In 1912 he met Giulietta Catellini, the model for and inspiration behind many of his works and who was to become his wife in 1921. There followed years of happiness, both in his life and work, and his painting had a great success; critics, in fact, considered his years of greatest creativity to have been between 1909 and 1925.
At the time he lived in both the Veneto region and in Rome where, on the occasion of a solo show held in 1919, together with Hans Stoltenberg-Lerche, at the Casa Cagiati, he attracted the attention of Robert Longhi who spoke of him in glowing terms. His next solo show, held in 1920 at the Galleria Pesaro, Milan, together with Hans Stoltenberg-Lerche and Alberto Martini, had a catalogue presentation by Vittorio Pica.

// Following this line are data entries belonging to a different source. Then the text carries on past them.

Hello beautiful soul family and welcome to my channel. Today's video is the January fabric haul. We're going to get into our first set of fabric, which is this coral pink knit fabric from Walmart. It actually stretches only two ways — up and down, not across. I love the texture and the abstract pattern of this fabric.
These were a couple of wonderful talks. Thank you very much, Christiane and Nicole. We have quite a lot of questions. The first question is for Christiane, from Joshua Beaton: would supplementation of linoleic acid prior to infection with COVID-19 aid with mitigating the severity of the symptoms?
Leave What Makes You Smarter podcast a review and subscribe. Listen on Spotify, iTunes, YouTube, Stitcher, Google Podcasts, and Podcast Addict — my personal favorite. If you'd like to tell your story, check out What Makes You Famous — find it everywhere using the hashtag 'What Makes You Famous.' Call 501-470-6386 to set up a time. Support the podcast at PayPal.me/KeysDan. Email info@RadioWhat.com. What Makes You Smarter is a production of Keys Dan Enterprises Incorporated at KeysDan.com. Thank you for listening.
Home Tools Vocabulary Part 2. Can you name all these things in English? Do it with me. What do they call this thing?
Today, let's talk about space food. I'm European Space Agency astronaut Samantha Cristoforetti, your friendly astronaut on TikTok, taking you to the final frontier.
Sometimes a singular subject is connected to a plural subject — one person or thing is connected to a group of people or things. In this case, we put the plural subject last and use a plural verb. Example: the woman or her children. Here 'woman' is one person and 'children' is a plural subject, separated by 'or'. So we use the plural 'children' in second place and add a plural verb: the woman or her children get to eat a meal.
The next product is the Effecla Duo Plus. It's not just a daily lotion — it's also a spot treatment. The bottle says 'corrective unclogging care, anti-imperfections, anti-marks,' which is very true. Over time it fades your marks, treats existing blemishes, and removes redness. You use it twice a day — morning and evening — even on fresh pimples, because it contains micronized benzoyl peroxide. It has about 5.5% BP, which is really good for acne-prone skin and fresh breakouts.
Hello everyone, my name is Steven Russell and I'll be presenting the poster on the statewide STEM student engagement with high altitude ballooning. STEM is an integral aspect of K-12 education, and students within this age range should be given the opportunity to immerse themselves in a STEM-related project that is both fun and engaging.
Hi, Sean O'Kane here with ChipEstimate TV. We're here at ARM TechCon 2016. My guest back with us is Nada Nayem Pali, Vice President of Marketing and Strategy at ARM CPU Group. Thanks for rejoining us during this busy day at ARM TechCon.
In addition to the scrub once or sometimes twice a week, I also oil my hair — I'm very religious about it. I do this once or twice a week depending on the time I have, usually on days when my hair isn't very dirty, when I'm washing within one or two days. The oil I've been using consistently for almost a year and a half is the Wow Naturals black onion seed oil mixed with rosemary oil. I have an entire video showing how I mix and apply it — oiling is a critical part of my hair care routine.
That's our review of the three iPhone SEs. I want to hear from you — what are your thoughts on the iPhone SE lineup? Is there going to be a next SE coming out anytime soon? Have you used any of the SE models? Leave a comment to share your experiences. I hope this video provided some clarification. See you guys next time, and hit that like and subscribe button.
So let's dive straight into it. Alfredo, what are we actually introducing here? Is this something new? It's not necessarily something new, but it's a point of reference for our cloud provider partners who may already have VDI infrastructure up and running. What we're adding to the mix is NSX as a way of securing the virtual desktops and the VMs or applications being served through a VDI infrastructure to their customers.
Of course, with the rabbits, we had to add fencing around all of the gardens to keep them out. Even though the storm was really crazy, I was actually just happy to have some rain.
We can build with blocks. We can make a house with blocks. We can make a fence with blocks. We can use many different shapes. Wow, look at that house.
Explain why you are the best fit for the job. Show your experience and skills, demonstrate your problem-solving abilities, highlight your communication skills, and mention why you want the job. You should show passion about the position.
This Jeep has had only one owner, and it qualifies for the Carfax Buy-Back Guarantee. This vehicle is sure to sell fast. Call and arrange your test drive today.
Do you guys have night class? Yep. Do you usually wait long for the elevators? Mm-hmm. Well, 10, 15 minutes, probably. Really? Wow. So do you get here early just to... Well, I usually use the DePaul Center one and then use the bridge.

After having lived in Paicenza from 1922 to 1925, Mario Cavaglieri moved to France, to the beautiful Peyloubère district of Gascony in the Auch area, a short distance from Pavie-sur-Gers. From then until 1940, the year he returned to Italy, Cavaglieri alternated his stays in Gascony and Paris. After six years in Italy, during the Second World War, Cavaglieri returned to France and frequently went to Paris. And it was in France that he had numerous shows: he exhibited at the Salon d’Automne (from 1926 onwards) and at the Salon des Indépendents (from 1927 onwards), Paris; at the Salon des Artistes Méridionaux, Toulouse (from 1929 onwards); at the Salon des Artistes Gascons, Auch ((from 1949 onwards).
In Italy, in 1953, a large show of his work was held at the Strozzina in Florence, championed by Carlo Ludovico Ragghianti and presented by Giuseppe Raimondi. He was then brought once again to the attention of the Italian public as part of the Florentine exhibition Arte moderna in Italia 1915-1935 at Palazzo Strozzi, curated by Ragghianti: the artist was represented by fourteen works. After that Cavaglieri’s success with the critics entered a second important phase, one testified to, besides his solo shows, by monographs and his inclusion in such important exhibitions of Italian art as La Metafisica: gli anni Venti (Galleria d’Arte Moderna, Bologna, 1980), Venezia, gli anni di Ca’ Pesaro 1908-1920 (Museo Correr, Venice, 1987), Gardens and Ghettos: The Art of Jewish Life in Italy (The Jewish Museum, New York, 1989), L’Espressionismo italiano (Milan, 1990). Mario Cavaglieri died in Peyloubère par-Pavie in 1969.